┏━━
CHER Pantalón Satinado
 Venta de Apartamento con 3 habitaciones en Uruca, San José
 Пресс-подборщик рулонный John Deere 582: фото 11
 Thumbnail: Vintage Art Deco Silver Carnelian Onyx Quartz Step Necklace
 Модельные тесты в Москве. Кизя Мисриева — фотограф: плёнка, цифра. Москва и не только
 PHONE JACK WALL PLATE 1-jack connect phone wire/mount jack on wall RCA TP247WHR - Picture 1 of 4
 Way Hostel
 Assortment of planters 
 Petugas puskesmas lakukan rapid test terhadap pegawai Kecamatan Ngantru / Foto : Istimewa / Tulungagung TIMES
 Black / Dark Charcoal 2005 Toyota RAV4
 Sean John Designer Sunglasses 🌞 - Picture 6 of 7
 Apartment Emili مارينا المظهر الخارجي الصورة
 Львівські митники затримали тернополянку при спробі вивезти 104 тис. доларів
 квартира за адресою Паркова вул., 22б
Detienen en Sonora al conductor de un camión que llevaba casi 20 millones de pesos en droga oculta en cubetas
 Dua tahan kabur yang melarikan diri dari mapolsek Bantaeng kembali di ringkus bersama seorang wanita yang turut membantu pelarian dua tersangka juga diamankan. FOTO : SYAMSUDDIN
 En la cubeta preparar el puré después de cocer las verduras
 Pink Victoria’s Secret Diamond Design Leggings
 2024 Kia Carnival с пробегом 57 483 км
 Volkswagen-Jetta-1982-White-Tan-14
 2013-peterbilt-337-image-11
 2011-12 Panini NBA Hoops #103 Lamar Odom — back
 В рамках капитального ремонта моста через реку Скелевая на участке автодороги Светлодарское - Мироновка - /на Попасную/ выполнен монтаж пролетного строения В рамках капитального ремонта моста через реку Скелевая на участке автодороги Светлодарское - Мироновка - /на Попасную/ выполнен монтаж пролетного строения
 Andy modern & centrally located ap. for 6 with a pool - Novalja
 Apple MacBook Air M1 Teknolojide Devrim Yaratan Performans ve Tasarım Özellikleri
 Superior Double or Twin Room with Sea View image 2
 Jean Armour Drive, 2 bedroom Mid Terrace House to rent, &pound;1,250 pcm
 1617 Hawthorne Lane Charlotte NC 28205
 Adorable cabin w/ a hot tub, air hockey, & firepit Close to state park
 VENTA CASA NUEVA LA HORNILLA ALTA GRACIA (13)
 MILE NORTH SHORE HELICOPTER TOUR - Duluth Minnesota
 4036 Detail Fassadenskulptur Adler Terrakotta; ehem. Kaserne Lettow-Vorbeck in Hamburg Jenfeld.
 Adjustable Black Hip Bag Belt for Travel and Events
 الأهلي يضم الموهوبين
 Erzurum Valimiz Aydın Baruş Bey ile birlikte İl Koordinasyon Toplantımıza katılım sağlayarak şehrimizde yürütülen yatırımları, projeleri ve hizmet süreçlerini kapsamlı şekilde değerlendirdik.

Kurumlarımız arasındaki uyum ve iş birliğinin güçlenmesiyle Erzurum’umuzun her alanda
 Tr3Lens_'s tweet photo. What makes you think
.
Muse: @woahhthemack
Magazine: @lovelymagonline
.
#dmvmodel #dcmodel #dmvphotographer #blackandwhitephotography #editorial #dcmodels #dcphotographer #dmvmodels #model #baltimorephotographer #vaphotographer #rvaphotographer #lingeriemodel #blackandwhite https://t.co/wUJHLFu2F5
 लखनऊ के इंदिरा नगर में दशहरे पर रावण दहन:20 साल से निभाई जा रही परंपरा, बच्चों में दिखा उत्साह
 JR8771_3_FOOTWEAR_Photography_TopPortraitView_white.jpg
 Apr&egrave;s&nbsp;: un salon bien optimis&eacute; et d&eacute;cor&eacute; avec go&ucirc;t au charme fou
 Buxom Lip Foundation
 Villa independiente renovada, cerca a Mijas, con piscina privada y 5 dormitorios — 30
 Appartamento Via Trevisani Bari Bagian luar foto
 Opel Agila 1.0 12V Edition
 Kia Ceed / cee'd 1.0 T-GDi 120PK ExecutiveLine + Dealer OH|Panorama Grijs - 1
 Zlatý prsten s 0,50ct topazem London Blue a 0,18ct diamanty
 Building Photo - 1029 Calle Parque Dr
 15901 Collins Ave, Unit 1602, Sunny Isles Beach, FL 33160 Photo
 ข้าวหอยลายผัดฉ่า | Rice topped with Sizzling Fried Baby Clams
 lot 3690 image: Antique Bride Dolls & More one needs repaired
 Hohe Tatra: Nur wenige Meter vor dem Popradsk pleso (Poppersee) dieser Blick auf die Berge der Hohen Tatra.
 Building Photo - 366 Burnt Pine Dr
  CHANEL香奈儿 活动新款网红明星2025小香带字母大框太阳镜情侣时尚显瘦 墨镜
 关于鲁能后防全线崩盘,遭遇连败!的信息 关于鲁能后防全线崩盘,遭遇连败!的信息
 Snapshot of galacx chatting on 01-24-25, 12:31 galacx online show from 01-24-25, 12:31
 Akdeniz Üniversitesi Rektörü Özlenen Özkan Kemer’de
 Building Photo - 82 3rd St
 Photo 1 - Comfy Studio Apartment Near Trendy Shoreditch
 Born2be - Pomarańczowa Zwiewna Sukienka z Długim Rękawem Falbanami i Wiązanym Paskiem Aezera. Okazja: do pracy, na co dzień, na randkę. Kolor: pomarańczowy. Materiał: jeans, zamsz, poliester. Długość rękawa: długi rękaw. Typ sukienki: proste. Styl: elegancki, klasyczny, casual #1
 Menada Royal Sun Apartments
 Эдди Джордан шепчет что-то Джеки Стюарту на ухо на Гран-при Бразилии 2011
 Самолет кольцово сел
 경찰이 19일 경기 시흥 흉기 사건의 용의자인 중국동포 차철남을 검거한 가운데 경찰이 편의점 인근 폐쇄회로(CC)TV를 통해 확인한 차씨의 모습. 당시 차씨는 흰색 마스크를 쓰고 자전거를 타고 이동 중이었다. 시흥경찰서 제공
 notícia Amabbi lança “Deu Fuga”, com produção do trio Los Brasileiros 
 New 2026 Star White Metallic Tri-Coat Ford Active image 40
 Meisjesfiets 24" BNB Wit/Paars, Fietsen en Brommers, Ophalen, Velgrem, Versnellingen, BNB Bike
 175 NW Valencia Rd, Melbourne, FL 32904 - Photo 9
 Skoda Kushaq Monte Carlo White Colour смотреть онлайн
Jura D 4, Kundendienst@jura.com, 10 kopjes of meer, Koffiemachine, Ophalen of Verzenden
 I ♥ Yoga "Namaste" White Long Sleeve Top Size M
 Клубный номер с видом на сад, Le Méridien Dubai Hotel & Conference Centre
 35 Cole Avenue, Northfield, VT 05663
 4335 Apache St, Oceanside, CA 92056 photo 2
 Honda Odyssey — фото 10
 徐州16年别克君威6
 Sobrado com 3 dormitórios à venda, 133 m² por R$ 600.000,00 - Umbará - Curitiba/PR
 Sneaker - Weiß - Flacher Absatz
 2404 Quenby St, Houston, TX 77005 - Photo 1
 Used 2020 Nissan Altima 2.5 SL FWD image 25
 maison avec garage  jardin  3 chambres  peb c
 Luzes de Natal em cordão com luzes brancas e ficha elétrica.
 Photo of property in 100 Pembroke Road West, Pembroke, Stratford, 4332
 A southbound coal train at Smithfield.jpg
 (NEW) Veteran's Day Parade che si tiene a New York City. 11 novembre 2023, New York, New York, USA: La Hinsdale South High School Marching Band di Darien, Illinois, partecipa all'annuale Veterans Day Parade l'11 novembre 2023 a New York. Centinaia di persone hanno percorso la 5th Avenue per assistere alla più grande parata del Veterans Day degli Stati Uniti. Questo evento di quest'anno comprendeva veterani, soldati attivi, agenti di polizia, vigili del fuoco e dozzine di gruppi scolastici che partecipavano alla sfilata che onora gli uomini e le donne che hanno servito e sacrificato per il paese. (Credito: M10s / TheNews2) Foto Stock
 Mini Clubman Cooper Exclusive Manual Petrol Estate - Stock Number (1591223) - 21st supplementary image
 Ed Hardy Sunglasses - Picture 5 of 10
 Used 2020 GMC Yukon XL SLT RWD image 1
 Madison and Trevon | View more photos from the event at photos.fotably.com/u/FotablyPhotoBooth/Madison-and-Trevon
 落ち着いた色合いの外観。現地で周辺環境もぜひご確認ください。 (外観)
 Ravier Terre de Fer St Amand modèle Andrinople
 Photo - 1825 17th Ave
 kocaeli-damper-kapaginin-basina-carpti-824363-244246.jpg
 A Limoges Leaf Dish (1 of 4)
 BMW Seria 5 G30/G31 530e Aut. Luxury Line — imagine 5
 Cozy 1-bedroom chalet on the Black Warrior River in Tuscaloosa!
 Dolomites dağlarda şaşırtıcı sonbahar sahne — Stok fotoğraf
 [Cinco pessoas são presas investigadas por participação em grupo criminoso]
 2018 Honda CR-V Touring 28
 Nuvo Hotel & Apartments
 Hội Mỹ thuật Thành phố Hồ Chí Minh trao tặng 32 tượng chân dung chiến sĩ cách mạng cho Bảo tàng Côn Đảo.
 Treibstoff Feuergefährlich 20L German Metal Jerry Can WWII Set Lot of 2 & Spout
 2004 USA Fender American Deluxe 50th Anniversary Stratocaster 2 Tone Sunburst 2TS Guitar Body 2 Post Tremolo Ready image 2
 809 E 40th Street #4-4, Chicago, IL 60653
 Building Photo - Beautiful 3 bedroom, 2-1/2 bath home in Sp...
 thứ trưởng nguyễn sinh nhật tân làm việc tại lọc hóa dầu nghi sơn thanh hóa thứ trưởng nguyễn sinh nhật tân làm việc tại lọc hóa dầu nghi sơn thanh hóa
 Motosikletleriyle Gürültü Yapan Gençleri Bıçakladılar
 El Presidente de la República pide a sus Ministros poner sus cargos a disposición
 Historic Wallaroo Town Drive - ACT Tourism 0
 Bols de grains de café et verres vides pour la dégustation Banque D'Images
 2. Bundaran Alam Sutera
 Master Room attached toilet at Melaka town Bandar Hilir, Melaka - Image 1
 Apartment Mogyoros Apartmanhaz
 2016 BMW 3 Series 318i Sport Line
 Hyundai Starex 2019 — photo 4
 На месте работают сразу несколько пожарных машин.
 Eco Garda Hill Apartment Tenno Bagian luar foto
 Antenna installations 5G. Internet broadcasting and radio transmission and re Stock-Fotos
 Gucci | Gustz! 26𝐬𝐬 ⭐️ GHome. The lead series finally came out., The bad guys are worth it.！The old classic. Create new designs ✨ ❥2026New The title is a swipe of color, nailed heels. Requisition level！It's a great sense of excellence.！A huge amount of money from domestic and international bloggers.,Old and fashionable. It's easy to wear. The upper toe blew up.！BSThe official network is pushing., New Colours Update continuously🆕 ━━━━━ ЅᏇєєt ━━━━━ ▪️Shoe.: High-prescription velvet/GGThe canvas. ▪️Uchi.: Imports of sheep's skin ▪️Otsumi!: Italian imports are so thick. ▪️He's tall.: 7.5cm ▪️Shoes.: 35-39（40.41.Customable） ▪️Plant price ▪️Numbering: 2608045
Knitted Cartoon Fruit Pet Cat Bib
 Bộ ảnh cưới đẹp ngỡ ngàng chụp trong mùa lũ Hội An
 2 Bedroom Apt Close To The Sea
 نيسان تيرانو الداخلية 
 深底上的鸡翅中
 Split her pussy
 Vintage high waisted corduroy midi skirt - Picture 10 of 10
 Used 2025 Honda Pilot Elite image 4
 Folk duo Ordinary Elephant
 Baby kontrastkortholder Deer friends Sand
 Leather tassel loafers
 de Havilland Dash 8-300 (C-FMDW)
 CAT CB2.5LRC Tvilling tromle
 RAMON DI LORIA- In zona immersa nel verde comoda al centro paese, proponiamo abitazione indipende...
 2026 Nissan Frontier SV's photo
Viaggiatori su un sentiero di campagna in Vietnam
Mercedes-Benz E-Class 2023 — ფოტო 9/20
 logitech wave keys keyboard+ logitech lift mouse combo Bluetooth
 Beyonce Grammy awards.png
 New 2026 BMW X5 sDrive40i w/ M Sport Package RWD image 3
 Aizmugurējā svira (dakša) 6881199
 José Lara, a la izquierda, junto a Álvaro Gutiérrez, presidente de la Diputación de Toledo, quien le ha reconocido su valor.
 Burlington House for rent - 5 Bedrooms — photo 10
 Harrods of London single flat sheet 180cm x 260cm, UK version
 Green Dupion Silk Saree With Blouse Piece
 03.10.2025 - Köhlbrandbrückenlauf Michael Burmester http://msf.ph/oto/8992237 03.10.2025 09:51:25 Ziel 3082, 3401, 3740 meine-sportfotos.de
┗━━
* _REQUIRED ACTION_
When you reach the line with "kocaeli-damper-kapaginin-basina-carpti-824363-244246.jpg" in the records above, start writing out lines exactly, and stop once the line with "Building Photo - Beautiful" has been written; include nothing else.

* _TASK RESULT_
 kocaeli-damper-kapaginin-basina-carpti-824363-244246.jpg
 A Limoges Leaf Dish (1 of 4)
 BMW Seria 5 G30/G31 530e Aut. Luxury Line — imagine 5
 Cozy 1-bedroom chalet on the Black Warrior River in Tuscaloosa!
 Dolomites dağlarda şaşırtıcı sonbahar sahne — Stok fotoğraf
 [Cinco pessoas são presas investigadas por participação em grupo criminoso]
 2018 Honda CR-V Touring 28
 Nuvo Hotel & Apartments
 Hội Mỹ thuật Thành phố Hồ Chí Minh trao tặng 32 tượng chân dung chiến sĩ cách mạng cho Bảo tàng Côn Đảo.
 Treibstoff Feuergefährlich 20L German Metal Jerry Can WWII Set Lot of 2 & Spout
 2004 USA Fender American Deluxe 50th Anniversary Stratocaster 2 Tone Sunburst 2TS Guitar Body 2 Post Tremolo Ready image 2
 809 E 40th Street #4-4, Chicago, IL 60653
 Building Photo - Beautiful 3 bedroom, 2-1/2 bath home in Sp...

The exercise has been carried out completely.